> **Short web captions**:
▬▬▬▬▬▬▬▬▬▬
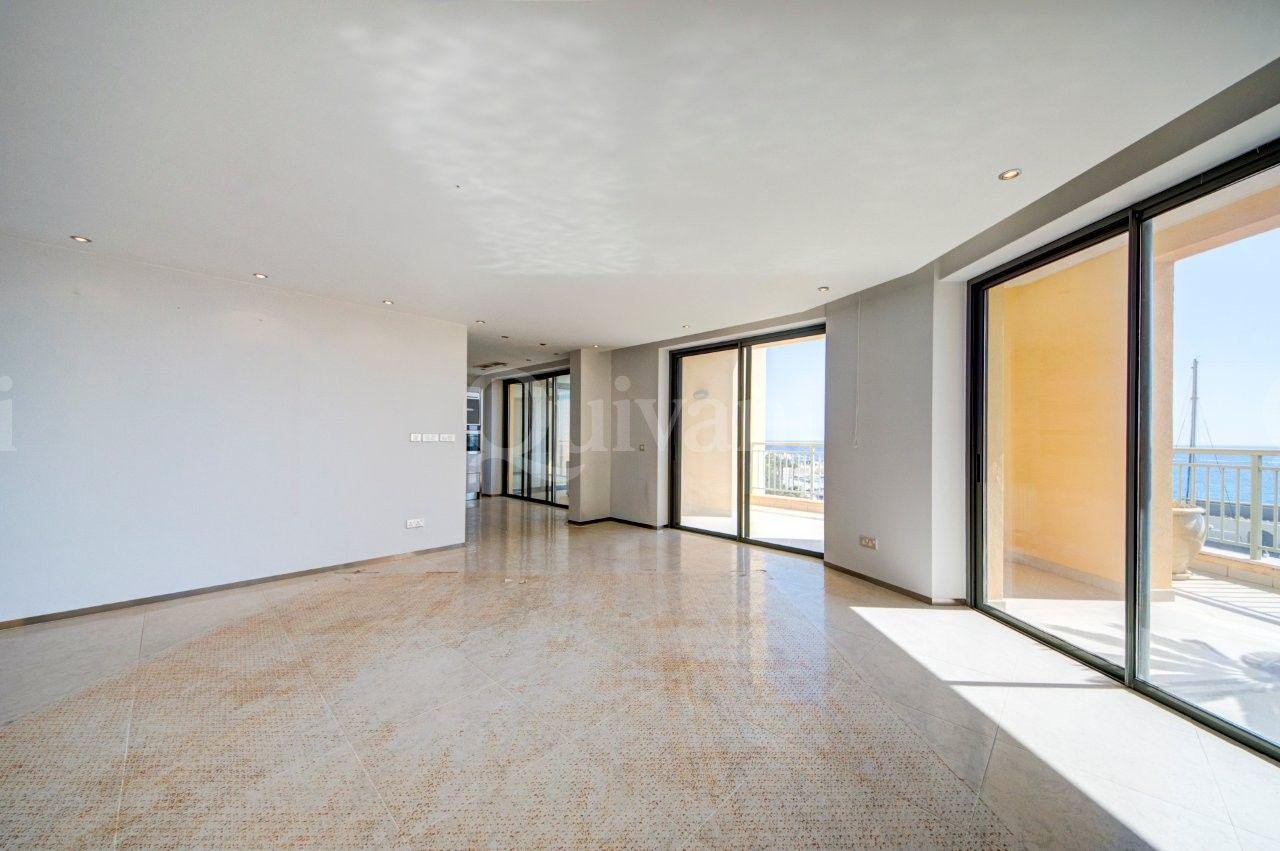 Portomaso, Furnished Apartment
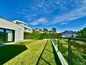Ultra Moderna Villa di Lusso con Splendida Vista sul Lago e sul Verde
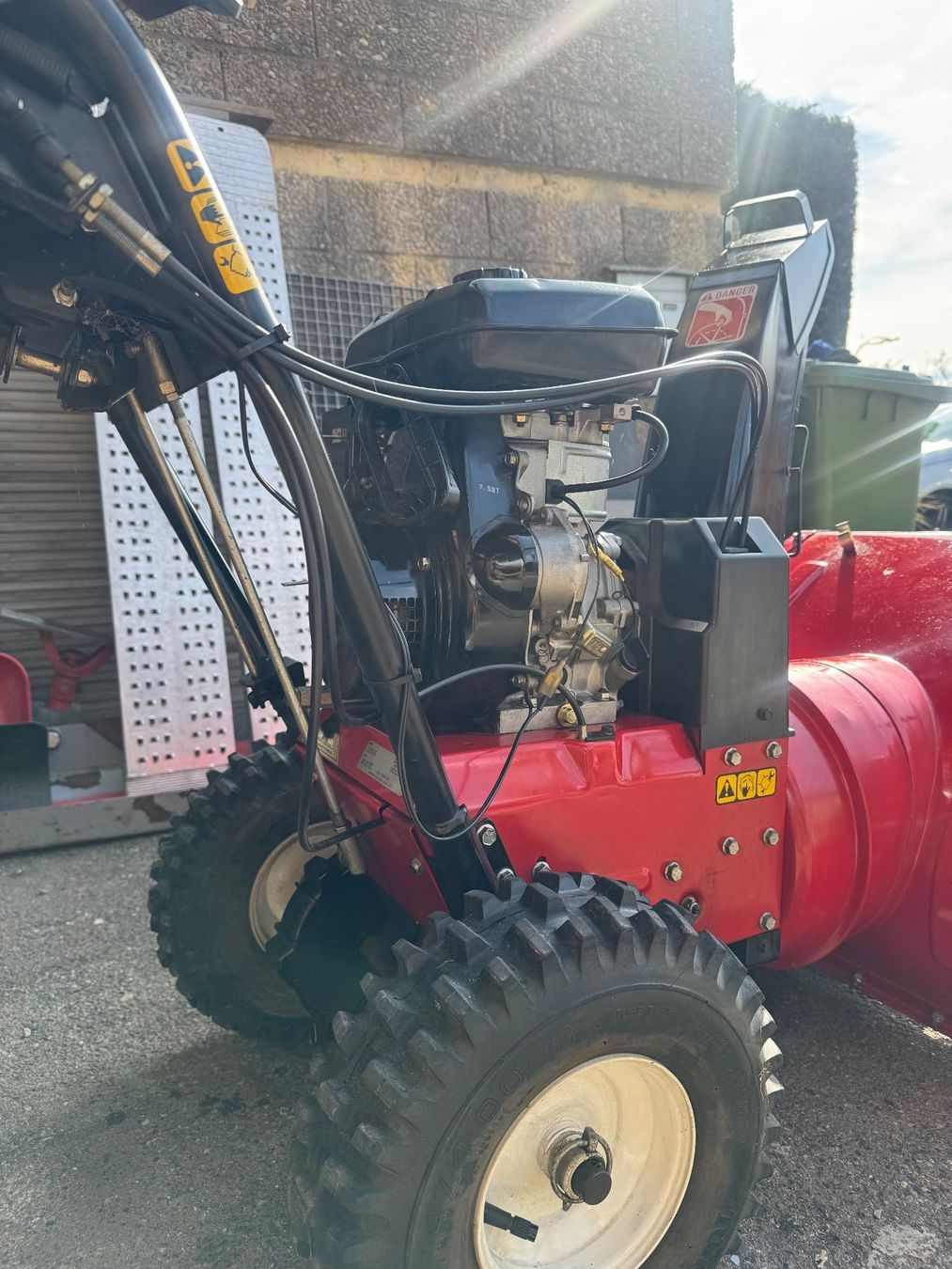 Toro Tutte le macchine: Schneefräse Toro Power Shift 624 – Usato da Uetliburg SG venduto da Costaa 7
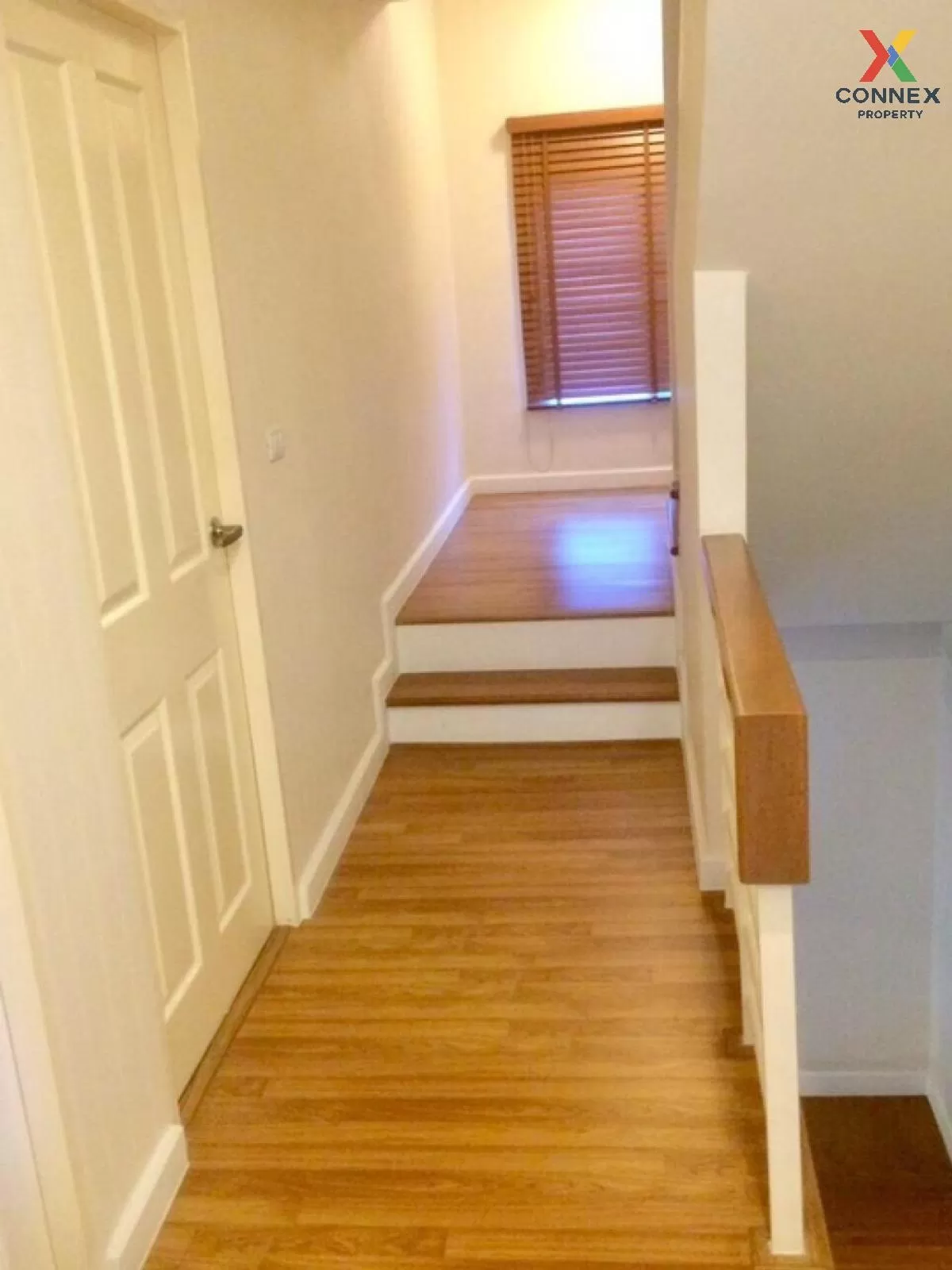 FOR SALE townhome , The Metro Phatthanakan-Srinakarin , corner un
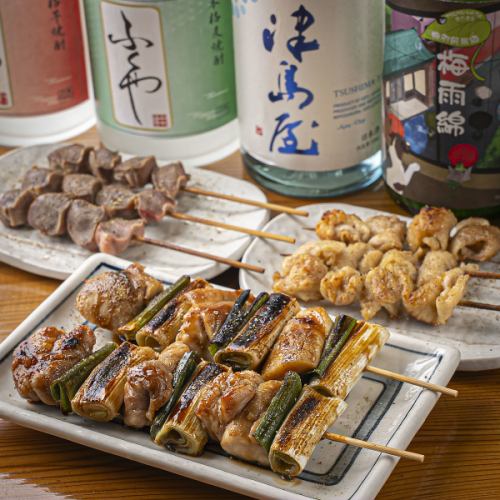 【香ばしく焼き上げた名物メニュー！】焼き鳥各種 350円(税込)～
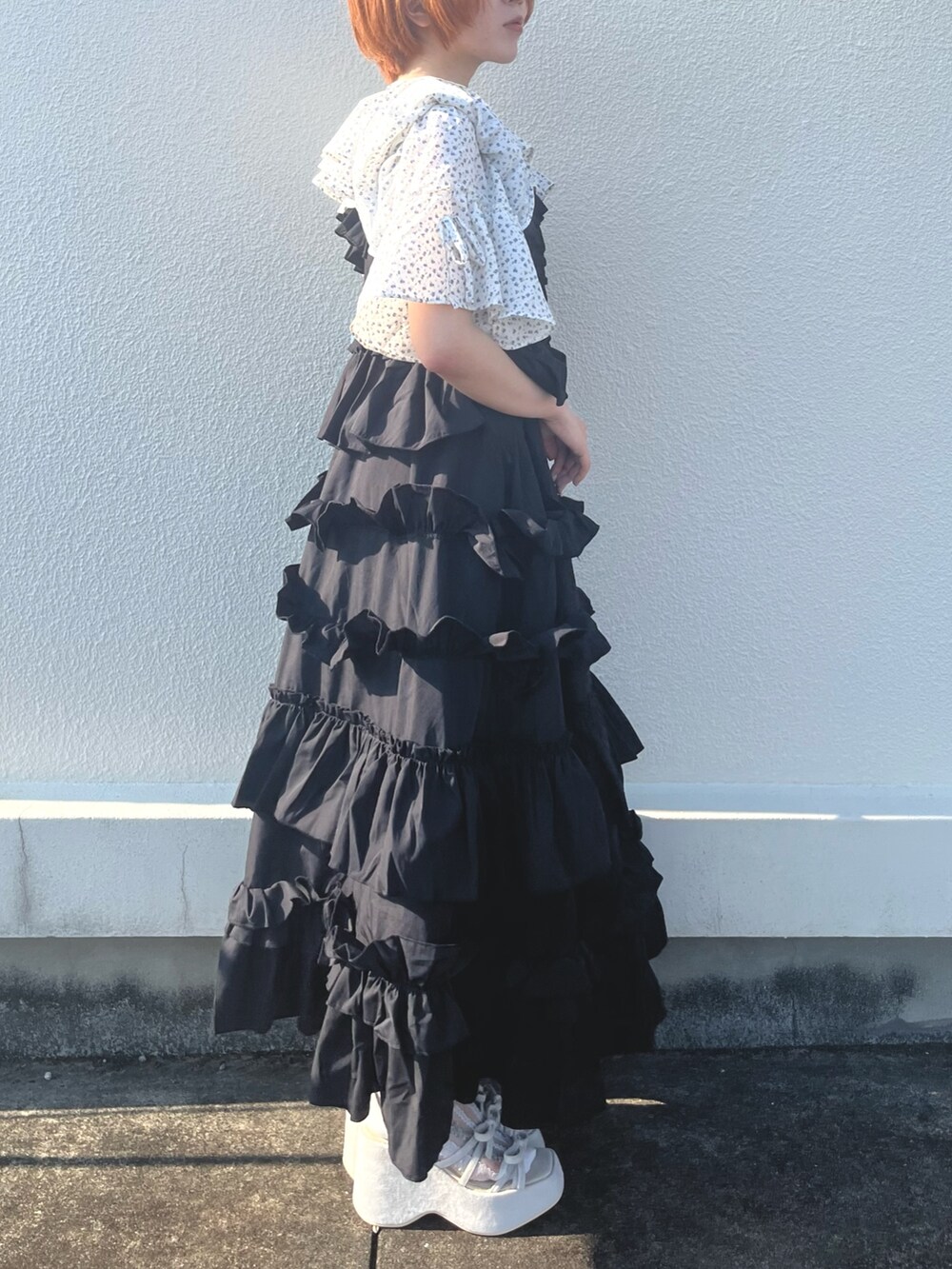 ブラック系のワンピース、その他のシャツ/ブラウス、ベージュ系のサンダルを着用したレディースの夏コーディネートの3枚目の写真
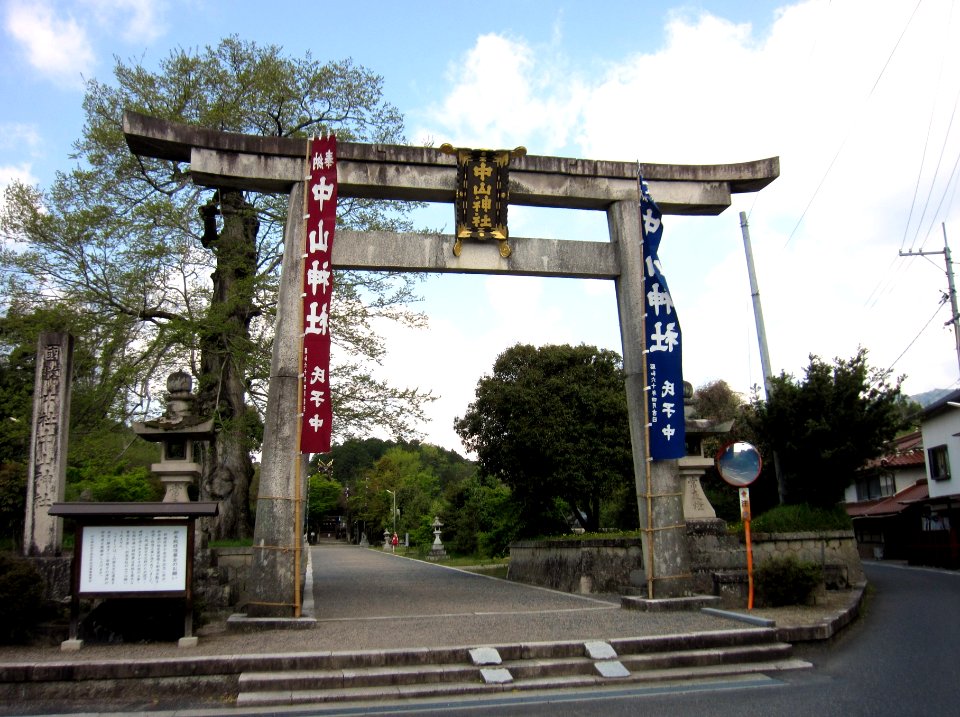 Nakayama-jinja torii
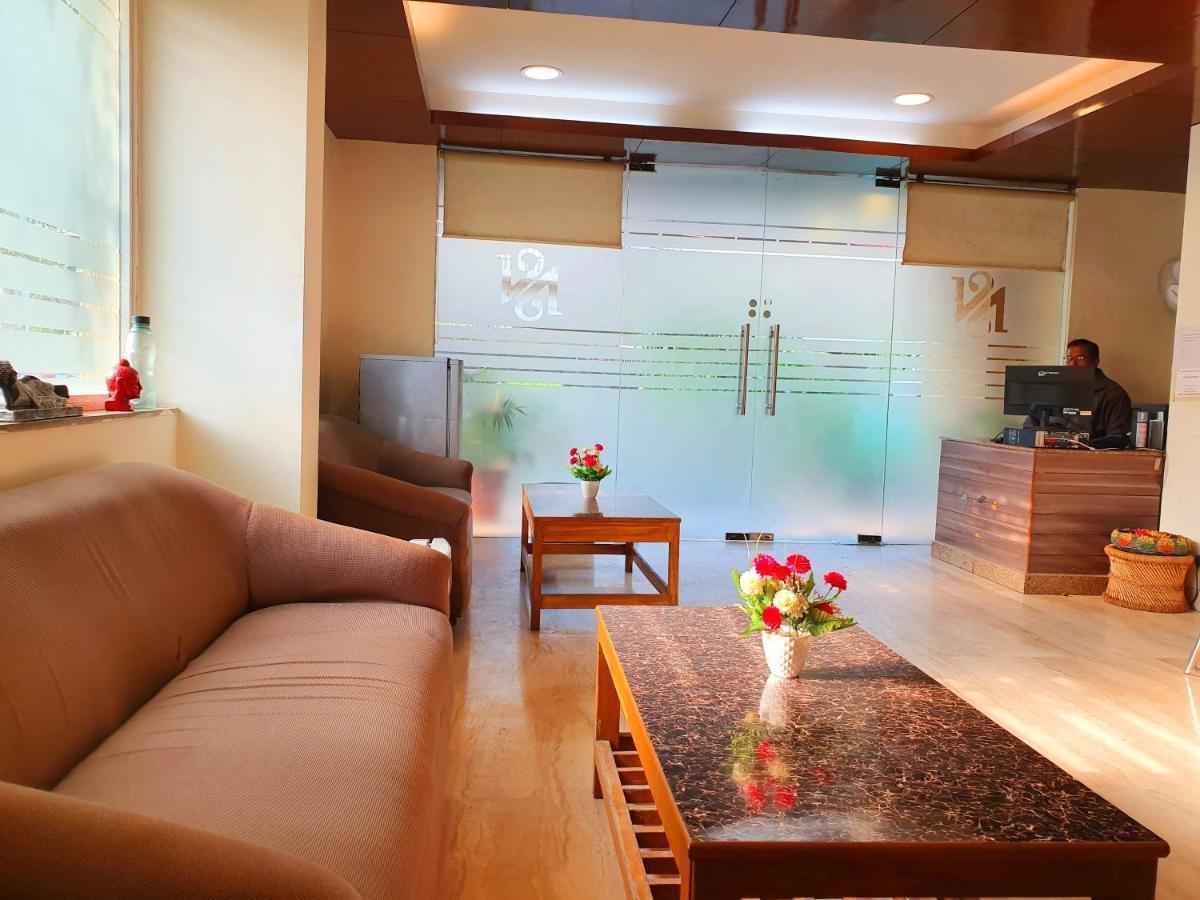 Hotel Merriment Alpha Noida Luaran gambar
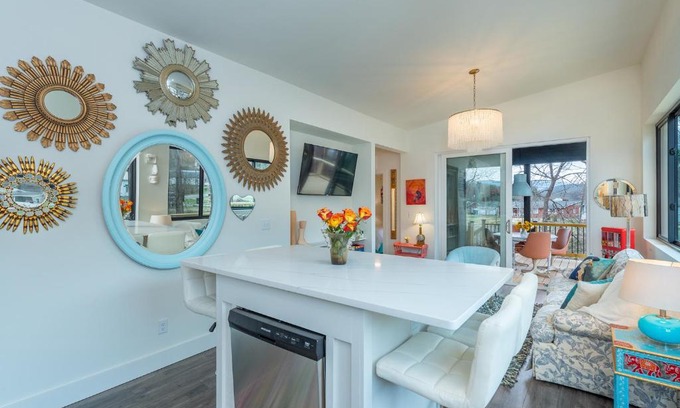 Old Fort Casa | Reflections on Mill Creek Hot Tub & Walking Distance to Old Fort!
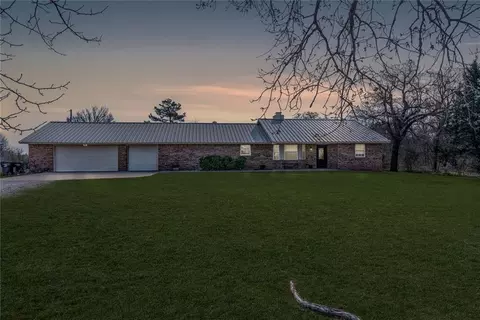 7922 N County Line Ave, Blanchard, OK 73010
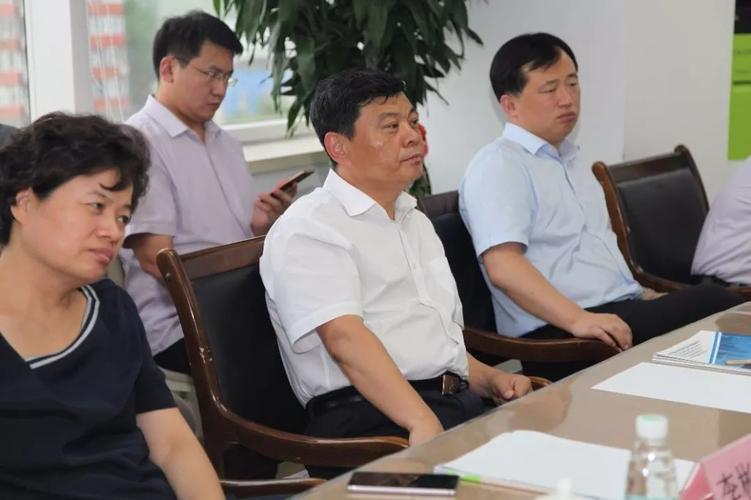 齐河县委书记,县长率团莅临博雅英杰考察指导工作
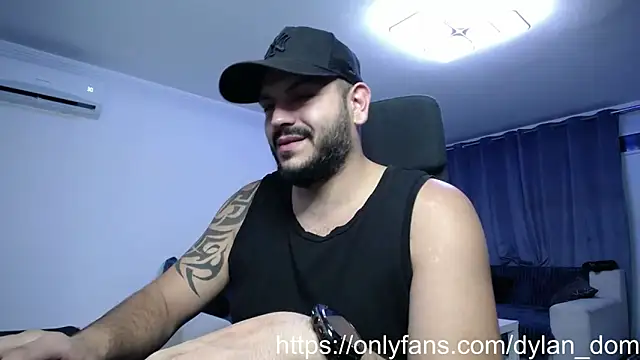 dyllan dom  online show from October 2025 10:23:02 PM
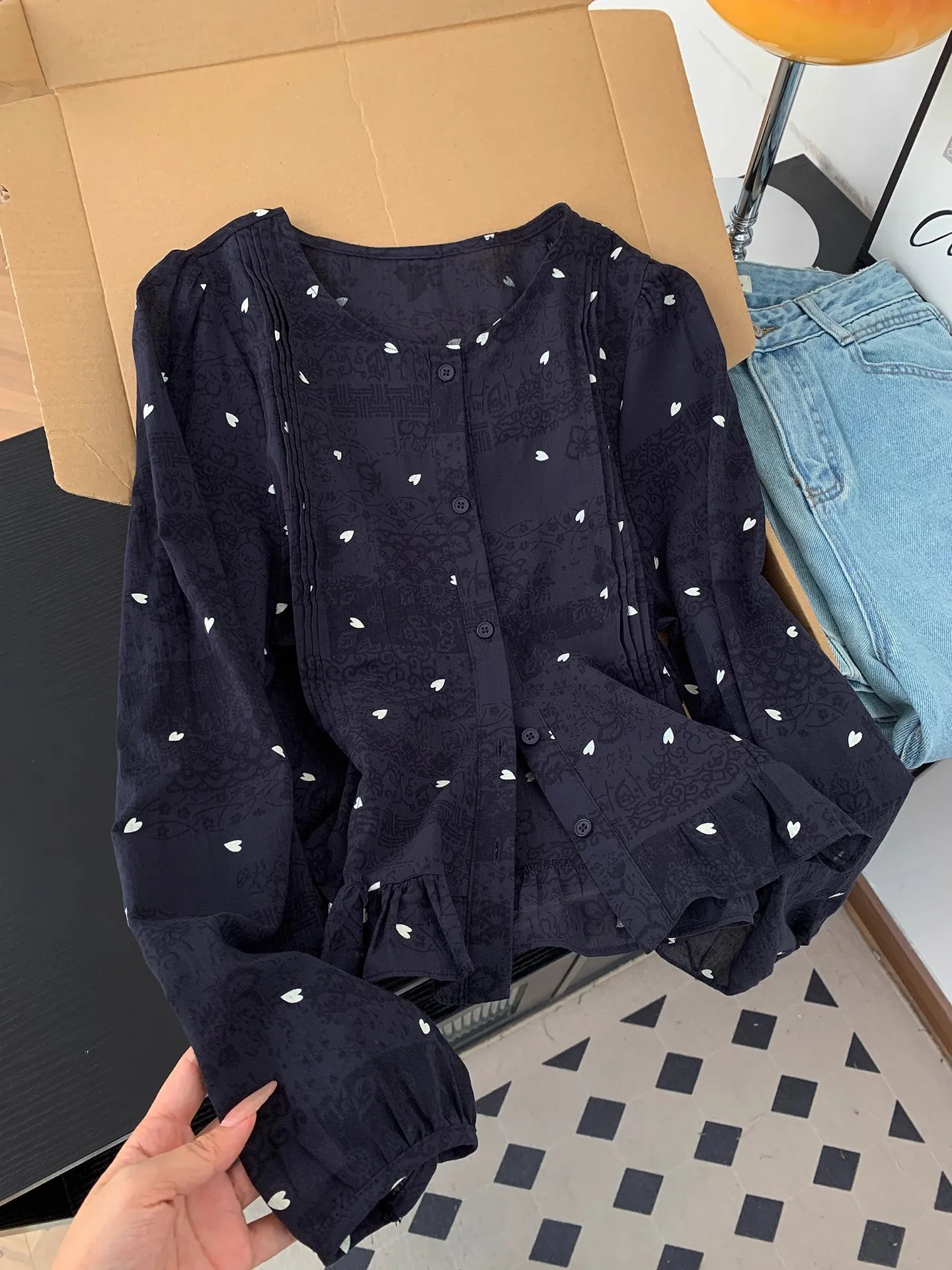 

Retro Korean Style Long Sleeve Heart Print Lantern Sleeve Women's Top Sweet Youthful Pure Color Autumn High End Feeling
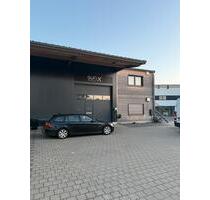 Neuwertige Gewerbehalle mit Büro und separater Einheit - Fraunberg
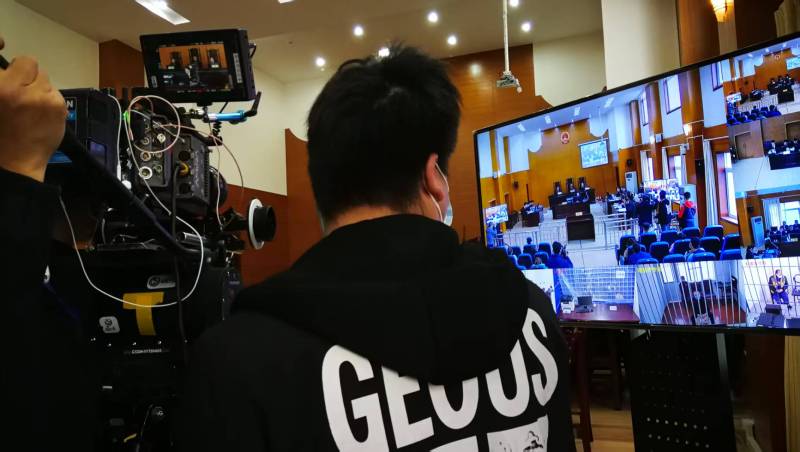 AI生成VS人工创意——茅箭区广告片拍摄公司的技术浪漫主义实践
▬▬▬▬▬▬▬▬▬▬
> **Assignment**:
Final stretch of the data: repeat exactly each line from the one containing "2025 10:23:02 PM" through the last, and omit all pictures.

> **Result**:
 dyllan dom  online show from October 2025 10:23:02 PM

Retro Korean Style Long Sleeve Heart Print Lantern Sleeve Women's Top Sweet Youthful Pure Color Autumn High End Feeling
 Neuwertige Gewerbehalle mit Büro und separater Einheit - Fraunberg
 AI生成VS人工创意——茅箭区广告片拍摄公司的技术浪漫主义实践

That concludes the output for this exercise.